# Best places to grow indoors



## ballin3535 (Jul 3, 2007)

Whats up guys. This is the situation.I live at home and I had a sick grow room.I was posting pics and I hgad tons of ppl helping me out....I started growing not understanding much.  but with this website you can learn so much.  Beside all that, I to make  along story short I got caught and my whole project went down the drain.I mean I put in a 1000$ dollars worth of equiptment and have no bud.****.lol.I want to move out of my house and staryt this back up but I wanted to know if ppl could give me ideas for the best spot to grow indoors.I want to grow like 15 to 20 plants.So if anybody could just throw some ideas it would be highly appreciated a lot thanxz evryone.


----------



## TheFunkMasterFlash (Jul 3, 2007)

Basements are the way to go in my honest opinion. They are natural cooler, that way you have less work controlling the temperature. Also you can hide the operation very well in basements.
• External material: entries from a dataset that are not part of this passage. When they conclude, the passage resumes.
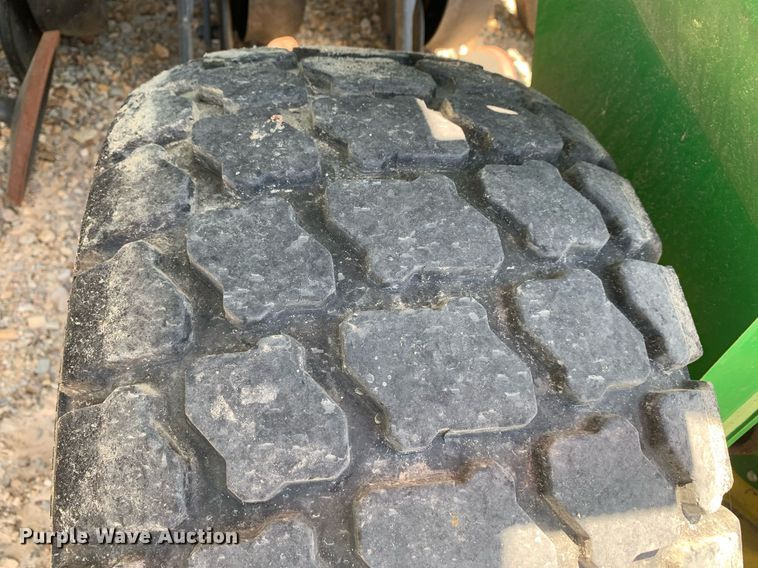 image for item DK7749 2013 John Deere 1990 CCS  air seeder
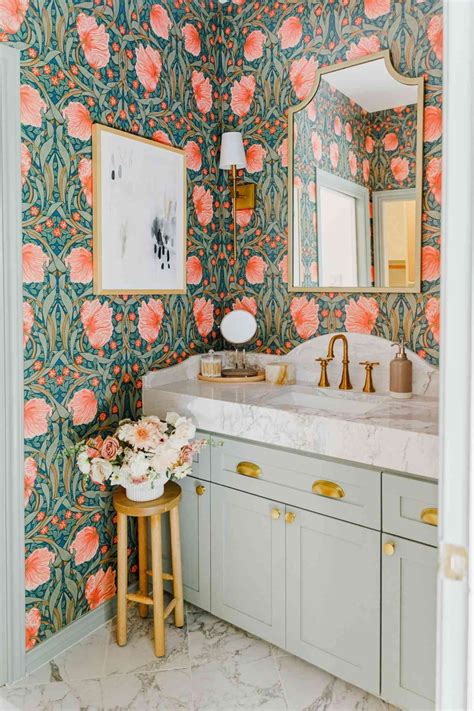 Gray wallpaper bathroom – Artofit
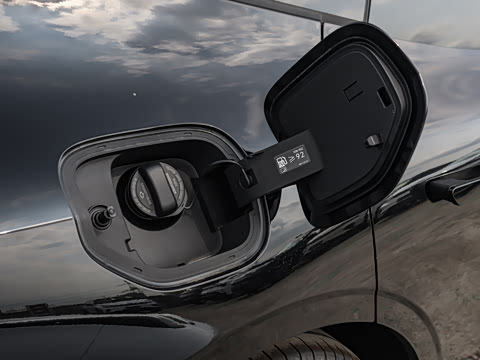 2025�� 240����Ultra�˶���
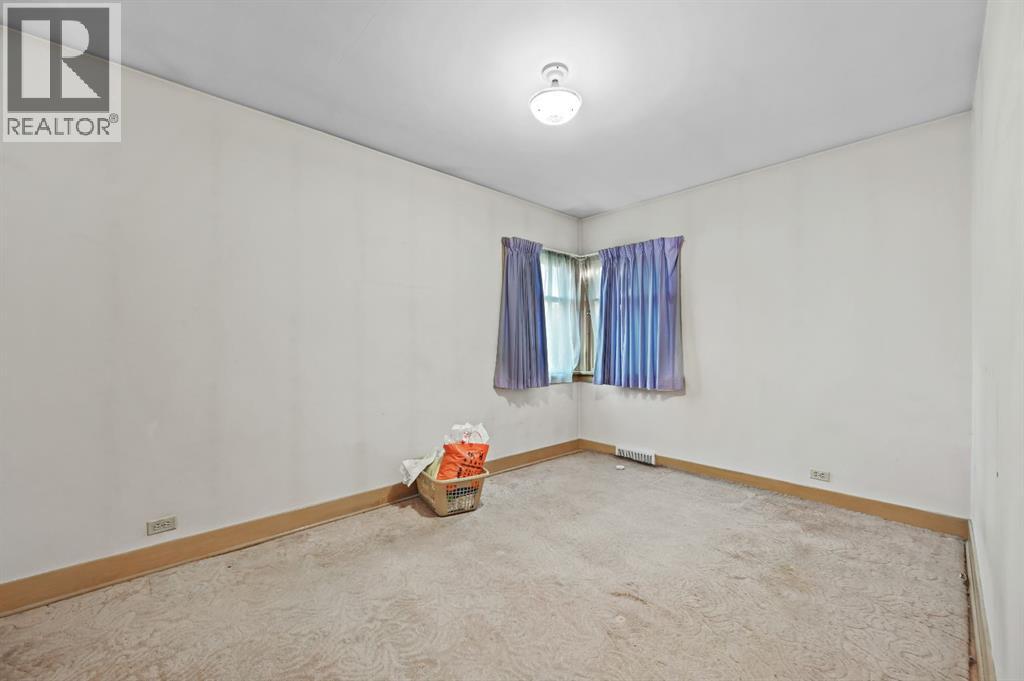 422 23 Avenue Nw, Calgary, Alberta  T2M 1S4 - Photo 5 - A2261183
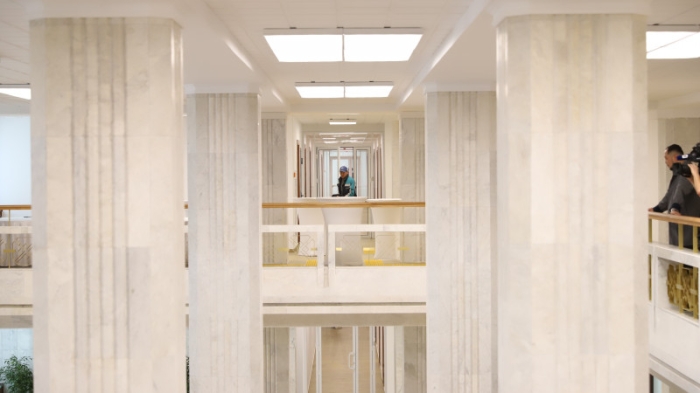 Турецкий мрамор и кыргызский травертин. Что изменилось в здании акимата Алматы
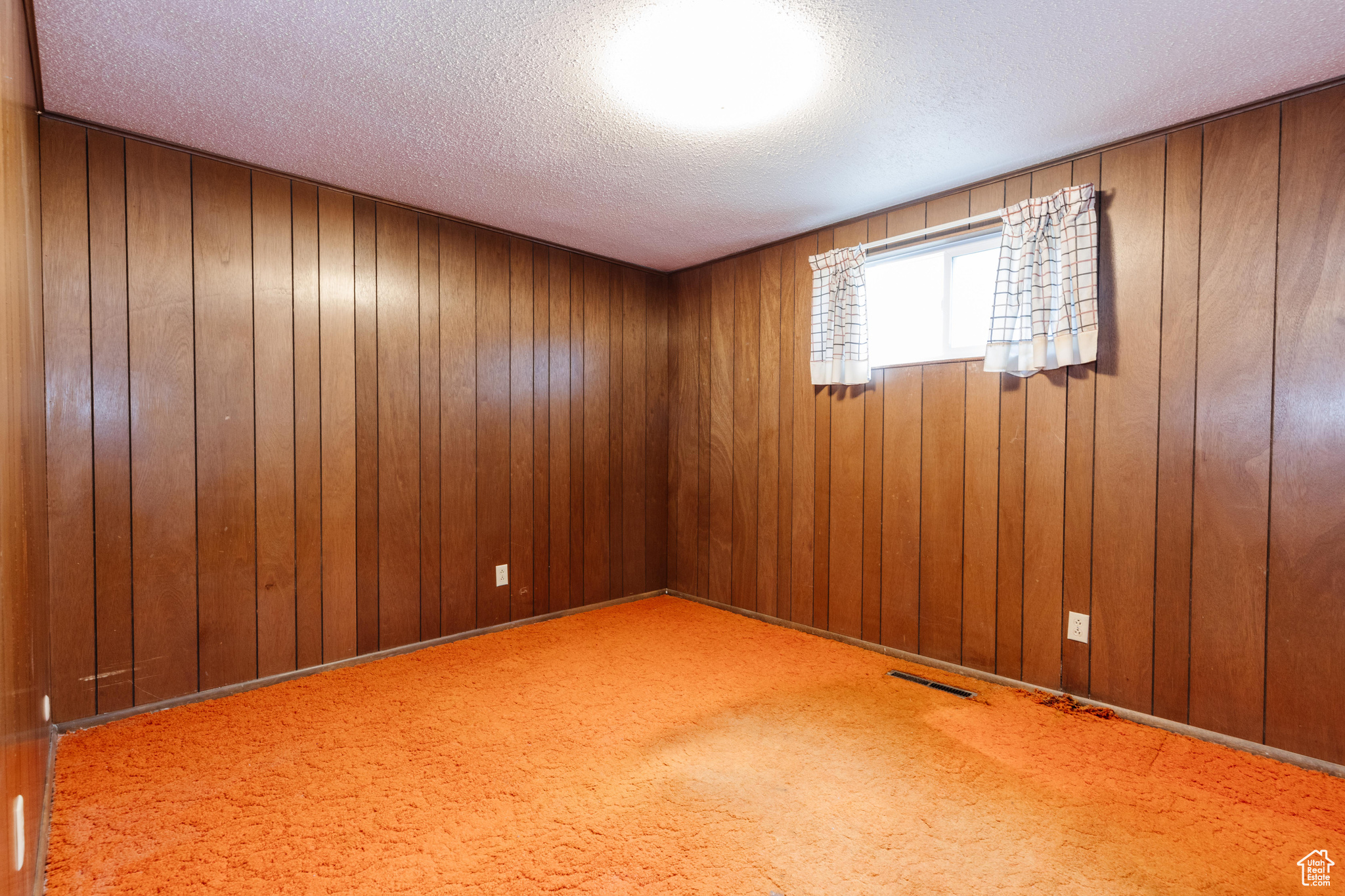 410 E 300, Providence, Utah image 23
Visitors will hardly ever go into a basement ect.
Second choice would be your personal closet, but you wont be able to fit that many plants in a normal closet, maybe a walk in you can do that.


----------



## Pranic (Jul 3, 2007)

i had 10 plants in my personal closet and it's tiney tiney..you can fit alot into a lil space trust and believe.. if there is a will there is a way


----------